RECORDS FOR THIS TASK =>
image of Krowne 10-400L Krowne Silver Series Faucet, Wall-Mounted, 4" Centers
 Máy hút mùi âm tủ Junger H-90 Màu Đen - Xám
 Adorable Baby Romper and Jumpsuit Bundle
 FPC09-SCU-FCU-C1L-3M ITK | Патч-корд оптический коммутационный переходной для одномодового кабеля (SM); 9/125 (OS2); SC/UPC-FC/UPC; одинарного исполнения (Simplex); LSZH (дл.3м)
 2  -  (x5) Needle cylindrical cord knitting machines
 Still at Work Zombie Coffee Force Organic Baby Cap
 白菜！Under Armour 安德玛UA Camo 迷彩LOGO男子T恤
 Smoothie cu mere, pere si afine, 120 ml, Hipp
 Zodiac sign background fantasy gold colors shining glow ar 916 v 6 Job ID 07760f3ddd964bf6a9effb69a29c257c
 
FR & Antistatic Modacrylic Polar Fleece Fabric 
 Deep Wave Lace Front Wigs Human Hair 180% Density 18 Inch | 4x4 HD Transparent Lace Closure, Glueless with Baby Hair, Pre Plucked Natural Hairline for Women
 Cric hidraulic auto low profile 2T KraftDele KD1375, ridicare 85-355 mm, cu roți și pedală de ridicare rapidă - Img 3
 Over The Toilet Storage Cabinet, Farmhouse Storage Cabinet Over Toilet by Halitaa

EXERCISE BRIEF => Emit only the final stretch of the records: the line containing "Cric hidraulic auto" through the end, each line exactly as it stands.

TASK SOLUTION =>
 Cric hidraulic auto low profile 2T KraftDele KD1375, ridicare 85-355 mm, cu roți și pedală de ridicare rapidă - Img 3
 Over The Toilet Storage Cabinet, Farmhouse Storage Cabinet Over Toilet by Halitaa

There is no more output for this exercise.